Balloon payment mortgage

Balloon payment mortgages are a special kind of mortgage where you are left with a large payment at the end of the loan. This means that the mortgage does not fully amortize over its lifespan. Balloon payment is always higher than monthly payments. It could amount to 2 times the monthly payment but it could also be thousands of dollars. In some cases, the payment is divided into a couple of smaller ones but usually, it is one lump sum paid at maturity. Balloon mortgages can have fixed or variable rates. Due to the high risk for small owners balloon loans are more common in commercial real estate, as an average homeowner could find it difficult to repay the balance due at the loan's maturity. However, there are ways to overcome this difficulty. Some borrowers simply plan to sell their house before the balloon payment is due, others plan to refinance their loan when the balloon payment is due. If you decide to do this, the lender will convert your remaining balance into a traditional fully amortized loan. There are balloon mortgages which refinance the remaining balance automatically - they are called "two-step" mortgages. If you are considering a balloon loan, check our balloon payment calculator to help you estimate how much it will cost you.

There are of course advantages to balloon loans, such as lower interest rates and monthly payments. Sometimes, it is also possible to take a bigger loan than if you were taking a standard fixed or variable rate mortgage.
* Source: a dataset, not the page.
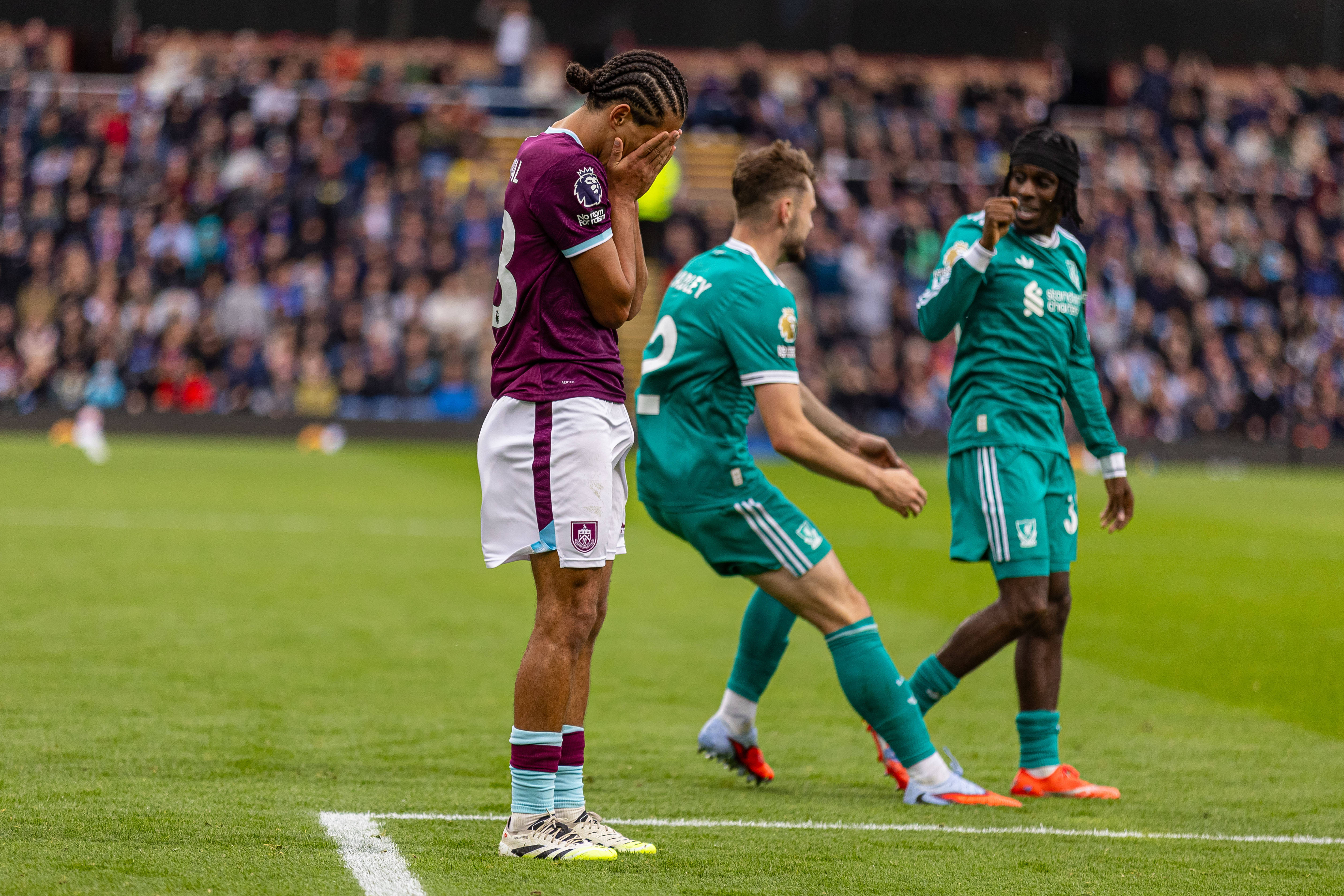 aiyouxi-(体育)足球——英超:利物浦胜伯恩利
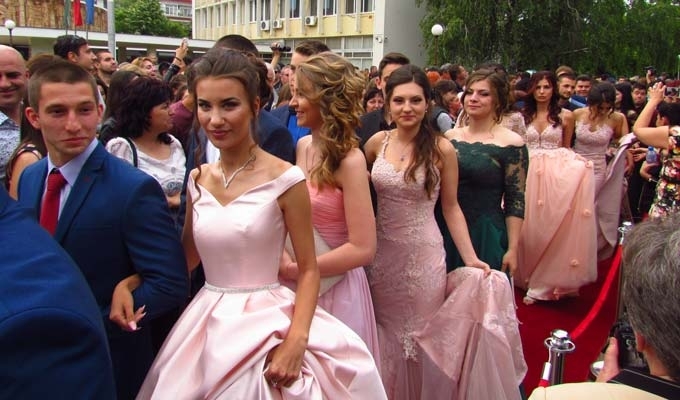 Около 4 хил лева ще са нужни на всяко семейство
You need to be careful however, because you might not be able to sell your house before the maturity date or the prices in the housing market might fall substantially and you will lose money. There is also risk attached to refinancing. If your financial situation deteriorates or the interest rates have gone up in the interim you might be faced with unaffordable terms.

Reverse mortgage

A reverse mortgage is a type of mortgage loan for a senior homeowner. Simply speaking, a reverse mortgage is a financial service which allows the homeowner to exchange their property for money. A reverse mortgage enables the property owner to release the funds accumulated in his home while maintaining the right to live in it. Formally we can say that thanks to a reverse mortgage, an illiquid asset (the house) becomes a source of liquid cash which can be used for consumption by the retiree.

Note that usually, the borrower is still responsible for maintaining the home, paying the property taxes and homeowner's insurance.

One specific feature of a reverse mortgage is that even though it is a type of a loan, it does not have to be repaid until the debtor passes away or moves out. At that time, the homeowner or the heirs can repay the balance of the reverse mortgage, or sell the house to pay off the balance.

The amount of money you can get from a reverse mortgage depends on many factors. Among them, the most important are: the age of the borrower, the interest rate, and value of the home. In some countries, there are also some lending limits imposed by the government.

Usually, the reverse mortgage loan can be received in the form of:

  • Term payments – monthly payments paid during a specific number of periods (months, years),

  • Tenure – monthly payments paid for the life of the agreement,

  • Line of credit – you can draw from it as needed up to the maximum amount,

  • Lump sum – a one-off payment paid when the agreement is closed. It is also possible to combine the above options.

Generally, there are two models of financial products which are commonly named reverse mortgage:

  • Loan model (a standard reverse mortgage, also known as lifetime mortgage, reverse mortgage loan, home equity conversion mortgage). In this model a loan taken by a borrower (homeowner) is repaid from the money acquired from the sale of the estate after his death.

  • Sale model (also known as lifetime cash benefit, annuity for life, home reversion, reversion plan, annuity for life). In this model, the ownership of the property is transferred to the bank (or another financial institution) when the agreement is signed. In exchange, the borrower has the lifetime right to use the property and receives a lifetime stream of money from this transaction which he can use as an additional source of income in retirement.